Aliran Duit Rp 10 M ke Eks Sekda Bandung untuk Urus Kasus Bansos-Pilkada

Dony Indra Ramadhan - detikNews
Senin, 23 Nov 2020 21:41 WIB
Poster
Ilustrasi (Foto: Edi Wahyono)
Bandung -

Nama mantan Sekretaris Daerah Edi Siswadi terlibat dalam pusaran kasus korupsi Ruang Terbuka Hijau (RTH) Bandung dengan terdakwa Dadang Suganda. Edi disebut meminta uang kepada Dadang untuk mengurus perkara bansos hingga pencalonan pilkada.

Hal itu terungkap saat jaksa penuntut umum (JPU) KPK membacakan surat dakwaan dalam sidang di Pengadilan Tipikor Bandung, Jalan LLRE Martadinata, Kota Bandung, Senin (23/11/2020). JPU KPK menjelaskan awal mula pemberian kepada Edi Siswadi ini bermula pada pertengahan tahun 2011.

"Edi Siswadi membutuhkan dana untuk penanganan perkara bansos dan pencalonan Edi Siswadi menjadi Wali Kota Bandung pada tahun 2013," kata jaksa.

Atas kebutuhan tersebut, sambung jaksa, Edi memanggil Dadang Suganda untuk datang ke ruang kerjanya. Edi lalu menyampaikan keinginannya itu kepada Dadang Suganda.

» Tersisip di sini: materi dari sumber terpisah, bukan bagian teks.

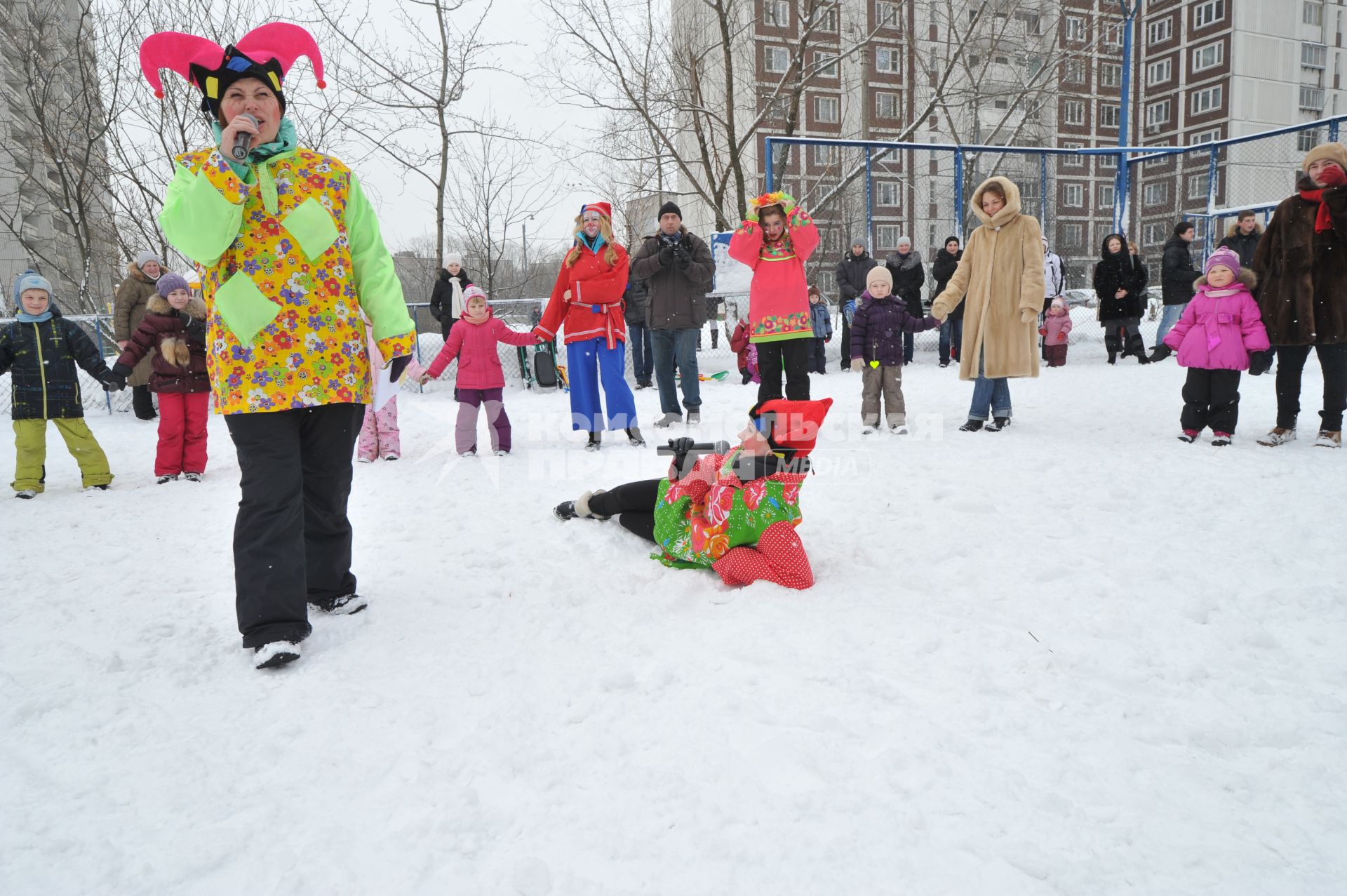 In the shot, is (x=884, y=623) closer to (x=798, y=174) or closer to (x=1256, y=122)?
(x=798, y=174)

"Setelah bertemu, Edi Siswadi menyampaikan untuk meminta bantuan dana kepada terdakwa Dadang Suganda yang kemudian Dadang Sugnd menjawab tidak mempunyai uang," kata jaksa.

Dadang lantas menawarkan tanahnya untuk ikut dalam pengadaan tanah yang diadakan oleh Pemkot Bandung. Edi Siswadi lantas mengamini tawaran tersebut.

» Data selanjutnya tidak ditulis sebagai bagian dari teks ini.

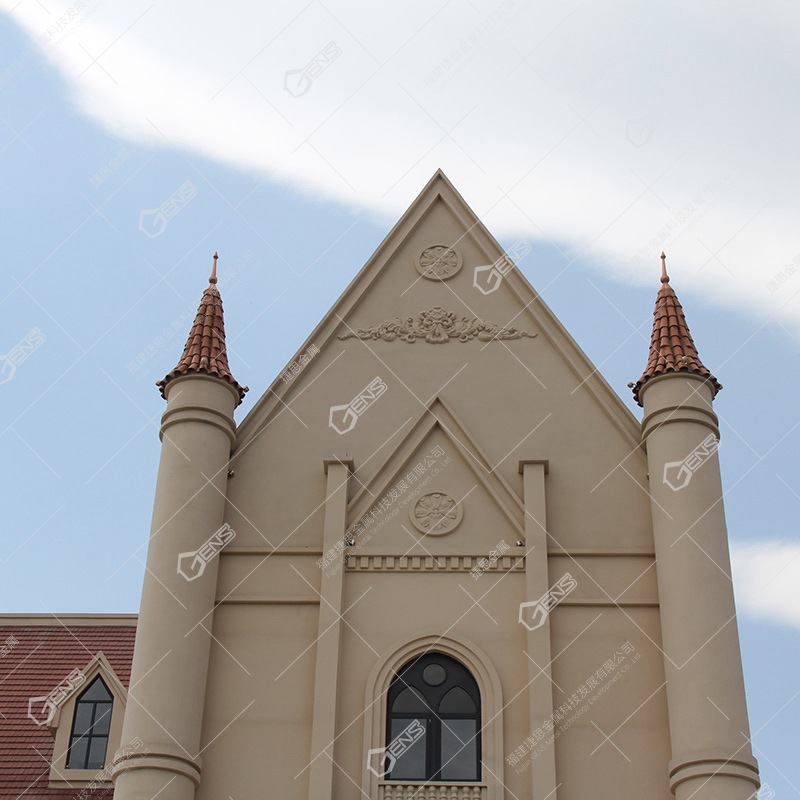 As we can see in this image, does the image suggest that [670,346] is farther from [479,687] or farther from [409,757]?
[409,757]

"Selanjutnya, Edi Siswadi memanggil Agus Slamet Firdaus dan Hermawan ke ruang kerjanya. Di hadapan terdakwa Dadang Suganda, Edi Siswadi menyampaikan kepada Agus Slamet Firdaus agar membantu mengakomodir tanah milik terdakwa yang akan ikut dalam proses pengadaan tanah dan membantu menyiapkan dokumen agar cepat proses
pembayarannya," tuturnya.

Singkat cerita, Hermawan saat itu memberikan saran untuk dibuatkan penetapan lokasi untuk mengakomodir tanah milik Dadang. Edi Siswadi lantas meminta Agus Slamet untuk mengajukan surat penetapan lokasi ke Dinas Tata Ruang dan Cipta Karya Kota Bandung dan membantu proses penetapan lokasinya.

Setelah Herry Nurhayat menjabat Kepala DPKAD, Dadang pun datang menemui Herry dengan memperkenalkan diri sebagai 'orang dekat' Edi Siswadi. Dadang meminta kepada Herry untuk membantu proses pencairan tanah miliknya.

Singkat cerita, Pemkot Bandung pun mencairkan dana pengadaan tanah RTH itu. Dadang mendapat total Rp 43 miliar lebih sedangkan uang yang dibayarkan kepada pemilik tanah atau ahli waris sebesar Rp 12,4 miliar. Dadang pun mendapat selisih pembayaran keseluruhan totalnya Rp 31 miliar.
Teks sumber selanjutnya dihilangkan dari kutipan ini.